D’autre part, la trajectoire de productible est objet de discorde, elle qui « constitue une vision prévisionnelle normative, calée sur un niveau de productible cible moyen, à parc constant, de 350 TWh par an avant pertes complémentaires de production par manque de débouchés ». Tandis que celle d’EDF « intègre environ 18 TWh de prudence » par rapport à 2020, en prévision notamment de risques liés au vieillissement de son parc nucléaire, pour la CRE, cette précaution manque d’objectivité. Le gendarme du marché de l’énergie a ainsi « effectué plusieurs retraitements visant [à] établir une trajectoire de productible davantage cohérente avec les fondamentaux observés », au vu de la relation étroite qui existe entre le coût de production et le niveau de productible.
Enfin, dans une moindre mesure, le passage à la puissance nominale de l’EPR de Flamanville, soit la puissance maximale que peuvent fournir les réacteurs du site, divise. Si pour EDF, celui-ci n’atteindra sa pleine puissance de 1 630 MW qu’en 2035, soit huit ans de plus qu’annoncé précédemment, la CRE ne l’entend pas de cette oreille. D’après elle, « ce délai n’est avéré ni par le cadre réglementaire, qui permet à l’installation de fonctionner à sa puissance nominale à l’issue de la phase d’essais et dans la limite de sa puissance thermique maximale, ni par l’ASN, qui n’identifie aucune échéance aussi lointaine pour instruire ce dossier ». Le régulateur s’est donc basé sur le scénario d’un passage à pleine puissance en 2028 dans le calcul de son coût.

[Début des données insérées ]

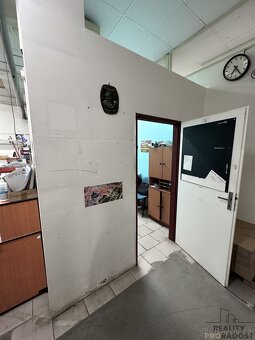 Pronájem skladu - dílny + kancelář o výměře 115m2 v Adamově - 5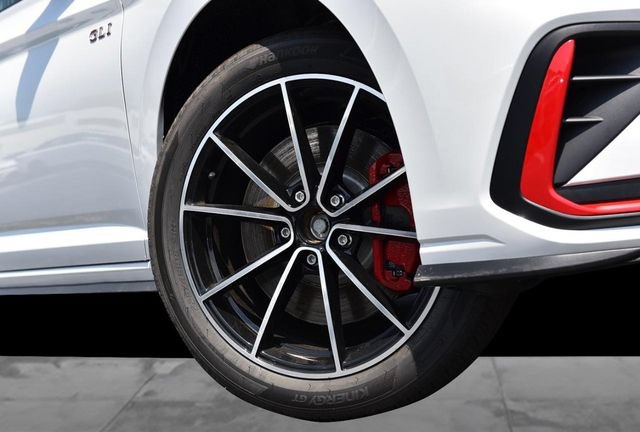 New 2026 Volkswagen Jetta GLI Autobahn FWD image 3
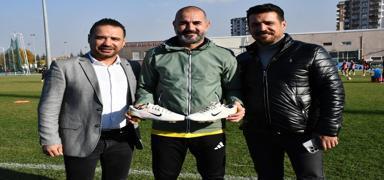 G�khan �nal'a s�rpriz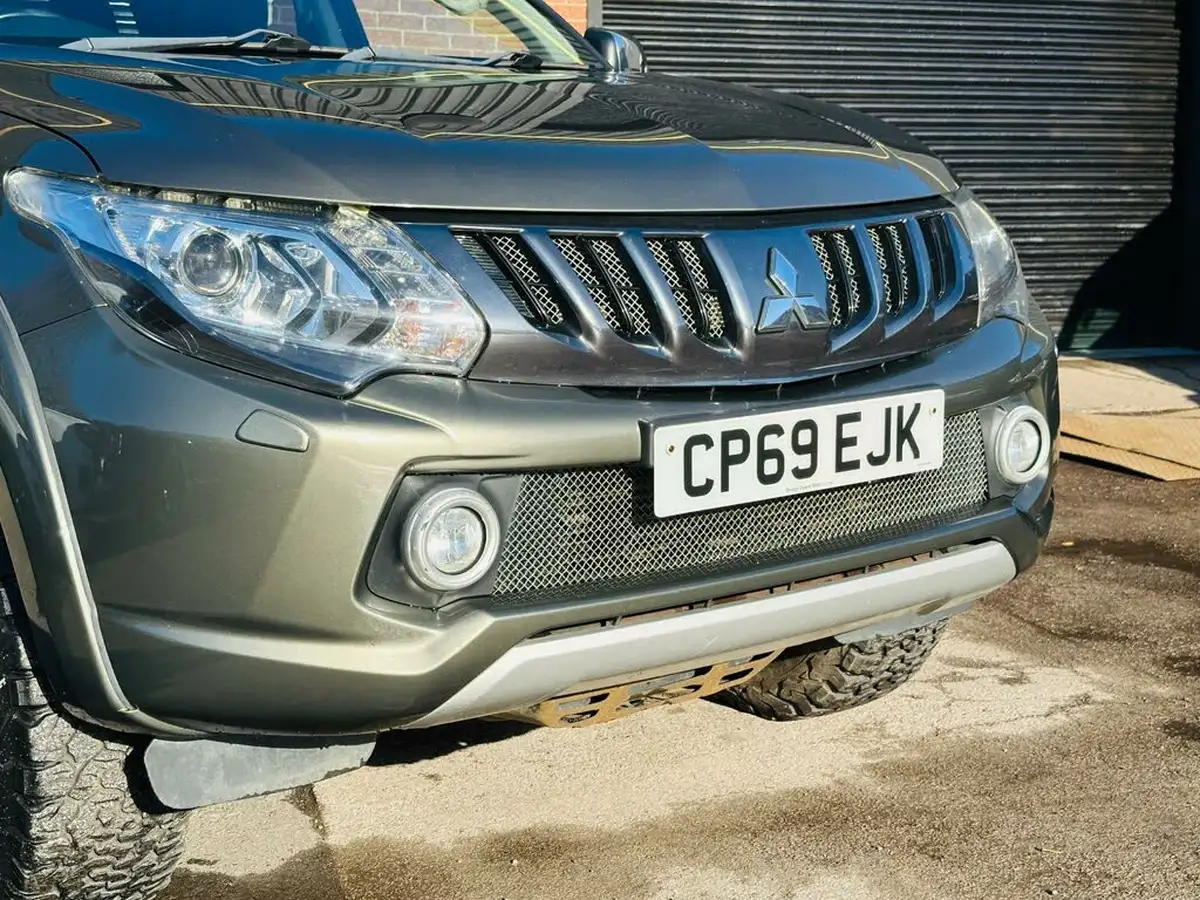 2019-mitsubishi-l200-24di-d-barbarian-eu6-big-31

Les particuliers, des victimes collatérales ?
Alors que la bataille des chiffres du nucléaire fait rage entre EDF et CRE, faut-il redouter une nouvelle explosion des prix ? « Une évaluation d’un coût complet du nucléaire ne présage pas de la régulation du tarif réglementé », a relativisé Nicolas Goldberg. De son côté, le ministère de la Transition énergétique tient à rassurer les particuliers en rappelant que les montants présentés dans ce rapport ne peuvent être assimilés « à des hypothèses de prix de l’électricité pour les consommateurs finaux ». Les hypothèses de régulation ne sont pas arrêtées et feront l’objet de propositions « dans les prochaines semaines ».
L’étrange silence de l’État avant la fuite
Avant que le rapport ne soit dévoilé par Contexte en revanche, c’était silence radio. Tandis que la CRE l’avait remis à l’exécutif le mercredi 13 septembre, aucune conclusion n’avait jusque-là été rendue publique, en dépit des sollicitations. Le régulateur devait pourtant présenter sa synthèse à l’occasion d’une réunion de rentrée. Ce mutisme a d’autant plus que interrogé que l’Hexagone porte en ce moment sur la table des négociations, à Bruxelles et à Strasbourg, le futur modèle de régulation du nucléaire existant, dont les grandes lignes seront dévoilées d’ici la fin de l’année. « En pleine discussion sur le devenir de l’Arenh, le gouvernement ne veut probablement pas que l’estimation des coûts de production par la CRE fuite, et que les nouveaux chiffres donnent lieu à des controverses », estimait un connaisseur du dossier interrogé par La Tribune. C’est loupé.